Your Tesla runs on the blood of Congolese miners – not electricity

By Ellen Archer

After continuously alarming reports about climate change, many countries now talk about the need for action. With the transport sector accounting for one-fifth, a call for greener fuels has arisen.  As of March 2023, the European Parliament adopted the zero-CO2 emission regulation prohibiting the sales of cars and vans that aren’t running on 100% CO2-neutral fuels by 2035, with a certain reference to moving towards e-fuels. Electric vehicles (EV) have grown in popularity over the last couple of years, with manufacturers like Tesla and BYD being two of the biggest corporations on the market. Within the transport sector, electric vehicles are seen as the future for a green transition away from fossil fuels.

However, the reality of this green transition is not as pretty as European politicians and EV corporations make it out to be. Multiple news media have reported about the actual conditions for the miners of important materials used to produce EVs. In 2020, the Democratic Republic of Congo accounted for 70% of the mining of cobalt, a crucial part of batteries in electric vehicles. This impacts the communities living in the areas of the mines negatively. Furthermore, the Congolese miners often work with poor wages and under hazardous conditions. In some cases, the miners, especially the young ones, have died due to the extreme work environments. At one mine, dozens of workers operating one certain machine had all seen a doctor for the same injury in their back, making it impossible for them to sleep, let alone work. Often the workers go to work with their injuries for years just so they do not lose any money needed to provide for their families. One miner with a different injury told the Washington Post that he had to see a doctor and when he got back, he was fired, and his salary of $150 for the last month was withheld. He tried suing for damages but with no result. Being broke, he could not afford formula for his baby, who later died. 

This, unfortunately, is not a unique story, neither for this man and his family, nor for the Congolese workers. In many countries – especially in the Global South – people work hard under disastrous conditions to produce important elements for electric vehicles. Another example is the lithium extraction in Chile which affects especially areas important to the indigenous population. The Global North is once again trying to buy itself out of a crisis and profiting off the land and the people in the Global South to do so. Bhambra and Newell (2022)describe this phenomenon as follows: 

“It is not simply a capitalist world that colonialism had facilitated through ‘primitive accumulation’, but a world in which colonialism is continuous with the reproduction of capitalism.”

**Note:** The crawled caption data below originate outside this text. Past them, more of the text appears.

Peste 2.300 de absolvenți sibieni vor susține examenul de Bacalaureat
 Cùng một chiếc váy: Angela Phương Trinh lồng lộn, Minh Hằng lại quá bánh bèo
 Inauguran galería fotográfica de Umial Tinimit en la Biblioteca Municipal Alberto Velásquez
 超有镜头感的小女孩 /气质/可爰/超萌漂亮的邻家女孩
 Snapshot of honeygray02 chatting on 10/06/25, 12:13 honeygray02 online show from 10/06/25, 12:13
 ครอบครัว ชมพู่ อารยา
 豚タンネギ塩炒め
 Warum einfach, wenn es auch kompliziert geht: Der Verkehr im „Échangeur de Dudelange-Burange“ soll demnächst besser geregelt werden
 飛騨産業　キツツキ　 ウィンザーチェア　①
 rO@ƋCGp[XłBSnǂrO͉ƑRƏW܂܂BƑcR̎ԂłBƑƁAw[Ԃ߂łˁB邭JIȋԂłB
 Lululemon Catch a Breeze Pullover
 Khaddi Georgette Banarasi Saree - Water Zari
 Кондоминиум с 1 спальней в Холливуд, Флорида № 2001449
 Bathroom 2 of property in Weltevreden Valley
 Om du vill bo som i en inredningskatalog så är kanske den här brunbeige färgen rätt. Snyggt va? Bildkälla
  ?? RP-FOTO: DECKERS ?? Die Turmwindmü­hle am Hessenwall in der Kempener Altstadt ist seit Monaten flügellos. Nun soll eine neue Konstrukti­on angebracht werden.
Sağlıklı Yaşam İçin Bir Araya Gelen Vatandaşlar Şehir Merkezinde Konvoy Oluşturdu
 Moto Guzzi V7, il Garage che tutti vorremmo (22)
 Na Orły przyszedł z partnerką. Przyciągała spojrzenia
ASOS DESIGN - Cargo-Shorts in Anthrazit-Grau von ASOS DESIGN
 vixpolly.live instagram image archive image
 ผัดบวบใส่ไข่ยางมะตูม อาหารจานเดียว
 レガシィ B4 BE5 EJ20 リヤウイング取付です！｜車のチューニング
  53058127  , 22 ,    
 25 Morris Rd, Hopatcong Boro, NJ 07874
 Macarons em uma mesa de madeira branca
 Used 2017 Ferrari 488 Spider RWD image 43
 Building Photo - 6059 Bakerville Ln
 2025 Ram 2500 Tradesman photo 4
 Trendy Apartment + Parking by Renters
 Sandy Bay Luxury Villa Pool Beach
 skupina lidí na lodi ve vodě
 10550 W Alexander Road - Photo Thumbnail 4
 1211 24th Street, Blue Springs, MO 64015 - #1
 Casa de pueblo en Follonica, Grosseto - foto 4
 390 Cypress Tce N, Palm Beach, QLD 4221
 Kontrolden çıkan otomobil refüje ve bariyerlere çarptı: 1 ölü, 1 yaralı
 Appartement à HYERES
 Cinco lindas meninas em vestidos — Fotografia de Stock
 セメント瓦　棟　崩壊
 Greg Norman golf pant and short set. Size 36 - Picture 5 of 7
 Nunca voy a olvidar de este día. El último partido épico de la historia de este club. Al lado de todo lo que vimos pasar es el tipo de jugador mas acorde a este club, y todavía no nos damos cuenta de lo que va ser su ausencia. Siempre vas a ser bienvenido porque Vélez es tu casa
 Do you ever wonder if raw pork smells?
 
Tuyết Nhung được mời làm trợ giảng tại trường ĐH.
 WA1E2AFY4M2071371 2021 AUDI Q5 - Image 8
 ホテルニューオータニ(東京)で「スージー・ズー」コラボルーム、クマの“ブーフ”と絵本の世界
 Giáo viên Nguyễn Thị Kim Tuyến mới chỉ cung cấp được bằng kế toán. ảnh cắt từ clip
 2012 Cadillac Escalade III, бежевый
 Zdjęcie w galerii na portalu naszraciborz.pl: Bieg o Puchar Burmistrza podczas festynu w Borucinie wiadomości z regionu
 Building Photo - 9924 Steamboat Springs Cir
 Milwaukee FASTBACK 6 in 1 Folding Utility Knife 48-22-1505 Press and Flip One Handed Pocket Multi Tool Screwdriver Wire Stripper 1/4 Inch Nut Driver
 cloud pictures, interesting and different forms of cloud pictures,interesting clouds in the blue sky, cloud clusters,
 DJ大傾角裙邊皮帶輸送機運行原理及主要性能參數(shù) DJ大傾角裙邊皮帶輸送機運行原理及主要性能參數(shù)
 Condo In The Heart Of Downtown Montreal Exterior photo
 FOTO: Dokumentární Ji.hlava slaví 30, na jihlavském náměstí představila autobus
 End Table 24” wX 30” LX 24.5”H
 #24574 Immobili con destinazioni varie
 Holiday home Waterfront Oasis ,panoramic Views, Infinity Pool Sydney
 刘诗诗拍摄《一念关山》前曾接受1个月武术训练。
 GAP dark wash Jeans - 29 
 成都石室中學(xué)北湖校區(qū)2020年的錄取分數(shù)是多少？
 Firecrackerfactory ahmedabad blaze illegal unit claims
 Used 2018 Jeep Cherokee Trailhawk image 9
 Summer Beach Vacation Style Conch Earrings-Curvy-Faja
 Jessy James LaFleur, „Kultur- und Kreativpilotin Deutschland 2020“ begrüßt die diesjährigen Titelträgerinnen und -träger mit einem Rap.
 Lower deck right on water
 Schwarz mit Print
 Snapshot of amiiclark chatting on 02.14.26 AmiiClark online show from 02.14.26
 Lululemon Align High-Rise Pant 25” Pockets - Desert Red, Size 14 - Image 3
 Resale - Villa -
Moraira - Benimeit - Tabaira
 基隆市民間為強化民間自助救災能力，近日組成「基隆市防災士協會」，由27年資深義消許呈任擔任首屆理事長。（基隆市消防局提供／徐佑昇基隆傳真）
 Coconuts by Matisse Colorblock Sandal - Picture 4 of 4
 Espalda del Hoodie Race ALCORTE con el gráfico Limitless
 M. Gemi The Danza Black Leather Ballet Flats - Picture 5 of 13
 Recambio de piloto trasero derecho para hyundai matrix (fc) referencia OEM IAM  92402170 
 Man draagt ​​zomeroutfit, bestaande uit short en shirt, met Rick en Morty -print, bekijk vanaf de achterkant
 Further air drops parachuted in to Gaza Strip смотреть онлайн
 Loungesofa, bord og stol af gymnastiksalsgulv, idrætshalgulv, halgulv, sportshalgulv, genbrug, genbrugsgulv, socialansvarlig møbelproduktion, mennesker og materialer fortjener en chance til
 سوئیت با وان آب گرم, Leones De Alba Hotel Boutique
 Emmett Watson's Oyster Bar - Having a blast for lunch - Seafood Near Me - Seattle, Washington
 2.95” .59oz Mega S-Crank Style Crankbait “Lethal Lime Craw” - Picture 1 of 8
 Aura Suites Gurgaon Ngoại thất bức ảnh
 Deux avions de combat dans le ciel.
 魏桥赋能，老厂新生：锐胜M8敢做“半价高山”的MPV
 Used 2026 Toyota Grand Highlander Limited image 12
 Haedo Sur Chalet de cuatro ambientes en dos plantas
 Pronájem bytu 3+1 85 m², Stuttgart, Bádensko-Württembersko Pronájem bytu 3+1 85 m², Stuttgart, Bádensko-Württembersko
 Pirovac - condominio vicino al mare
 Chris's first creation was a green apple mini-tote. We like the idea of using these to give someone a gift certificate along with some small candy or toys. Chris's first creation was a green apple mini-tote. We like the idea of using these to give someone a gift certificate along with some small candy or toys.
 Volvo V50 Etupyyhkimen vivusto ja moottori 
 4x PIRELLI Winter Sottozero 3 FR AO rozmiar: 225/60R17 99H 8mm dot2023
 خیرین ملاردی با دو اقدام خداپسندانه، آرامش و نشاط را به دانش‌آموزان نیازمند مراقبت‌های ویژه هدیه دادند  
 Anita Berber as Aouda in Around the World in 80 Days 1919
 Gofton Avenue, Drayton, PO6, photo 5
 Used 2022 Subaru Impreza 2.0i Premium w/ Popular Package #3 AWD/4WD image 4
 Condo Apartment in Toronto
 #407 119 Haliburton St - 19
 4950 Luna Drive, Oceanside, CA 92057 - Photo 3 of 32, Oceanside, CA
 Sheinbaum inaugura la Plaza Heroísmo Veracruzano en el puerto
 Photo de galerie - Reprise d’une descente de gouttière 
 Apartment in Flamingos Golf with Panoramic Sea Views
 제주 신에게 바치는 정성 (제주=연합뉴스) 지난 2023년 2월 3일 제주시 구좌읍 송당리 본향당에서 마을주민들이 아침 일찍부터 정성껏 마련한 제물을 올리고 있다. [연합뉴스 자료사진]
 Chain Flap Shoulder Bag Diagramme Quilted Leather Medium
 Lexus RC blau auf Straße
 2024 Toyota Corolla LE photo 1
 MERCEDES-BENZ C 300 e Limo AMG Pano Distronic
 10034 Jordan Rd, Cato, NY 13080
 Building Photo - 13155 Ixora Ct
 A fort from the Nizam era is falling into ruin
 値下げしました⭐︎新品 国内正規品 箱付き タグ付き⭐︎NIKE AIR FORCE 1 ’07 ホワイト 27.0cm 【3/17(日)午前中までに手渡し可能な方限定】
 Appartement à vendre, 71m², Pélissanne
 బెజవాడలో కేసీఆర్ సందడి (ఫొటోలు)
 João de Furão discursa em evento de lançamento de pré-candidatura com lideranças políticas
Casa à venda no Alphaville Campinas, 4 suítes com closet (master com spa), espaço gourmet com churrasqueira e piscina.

There is an ongoing discussion on climate coloniality and how colonialism and capitalism are closely intertwined. For centuries, the Global North has made use of resources in the Global South. Today this is done under the banner of a green transition, but it is nothing other than climate coloniality which is perpetuated through different forms of land and water grabs. Rare earth mineral mining is seen as one of the ways in which climate coloniality presents itself, which is the case in the Democratic Republic of Congo. As Sultana (2022) notes: 

“The territorialization of dispossessions of colonialism has endurance in governance structures and political framings. At the same time, fossil fuel capitalism promotes capitalist consumption through the creation of development ideologies and desires of Western-style hyper-consumption in development subjectivities across the Global South.”

Consequently, this climate coloniality is upheld not only by a (western) nation-wide policy-making – like the one presented by the EU, but also by the multi-billion corporations such as Tesla, driven by influential men from the Global North.

Climate change is no doubt a difficult challenge to combat and moving forward, important decisions have to be made. However, this change cannot come about by paying workers – such as the Congolese miners – poor wages and letting them die due to hazardous working conditions. It will not come about by upholding colonial structures – it will come through dismantling antiquated systems where some people are deemed more important than others. In the end, climate change will not differentiate between people, and neither should we.